◆ TASK TO COMPLETE: Only the lines from the beginning of the entries through the one with "Hi, my name" should be written out, please, exactly and without any pictures.

◆ RECORDS FOR THE TASK:
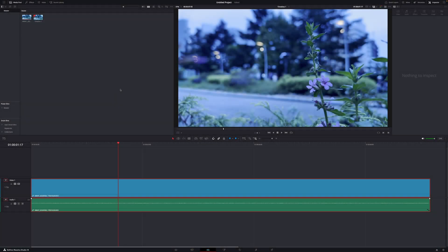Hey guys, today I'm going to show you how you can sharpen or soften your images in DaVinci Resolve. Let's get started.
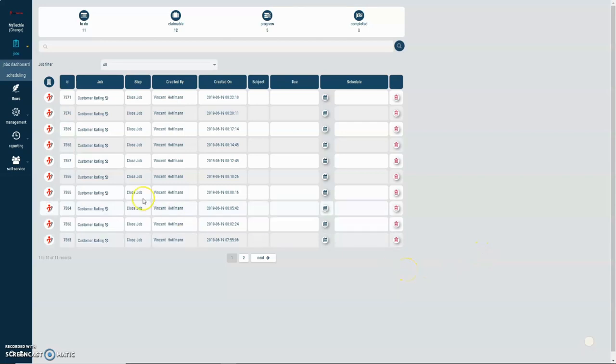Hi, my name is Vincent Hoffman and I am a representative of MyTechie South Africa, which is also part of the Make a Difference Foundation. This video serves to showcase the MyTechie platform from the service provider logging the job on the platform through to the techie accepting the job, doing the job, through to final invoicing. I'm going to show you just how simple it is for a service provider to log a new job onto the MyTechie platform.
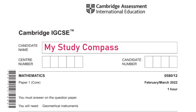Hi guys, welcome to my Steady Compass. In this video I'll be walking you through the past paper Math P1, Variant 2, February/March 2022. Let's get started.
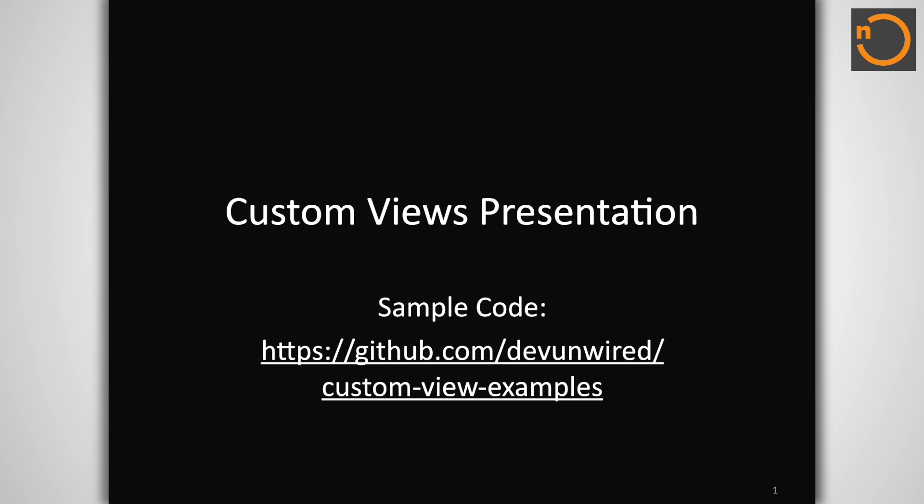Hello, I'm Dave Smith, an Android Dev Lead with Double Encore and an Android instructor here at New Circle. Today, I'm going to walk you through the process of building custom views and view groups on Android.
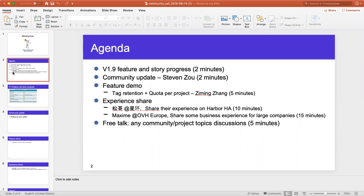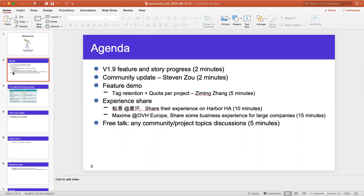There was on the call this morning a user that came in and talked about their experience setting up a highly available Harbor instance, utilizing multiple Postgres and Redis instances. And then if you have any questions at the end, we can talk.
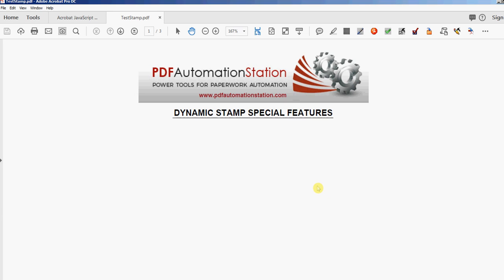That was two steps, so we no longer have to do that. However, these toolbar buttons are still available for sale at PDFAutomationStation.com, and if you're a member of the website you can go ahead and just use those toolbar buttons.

◆ RESPONSE:
Hey guys, today I'm going to show you how you can sharpen or soften your images in DaVinci Resolve. Let's get started.
Hi, my name is Vincent Hoffman and I am a representative of MyTechie South Africa, which is also part of the Make a Difference Foundation. This video serves to showcase the MyTechie platform from the service provider logging the job on the platform through to the techie accepting the job, doing the job, through to final invoicing. I'm going to show you just how simple it is for a service provider to log a new job onto the MyTechie platform.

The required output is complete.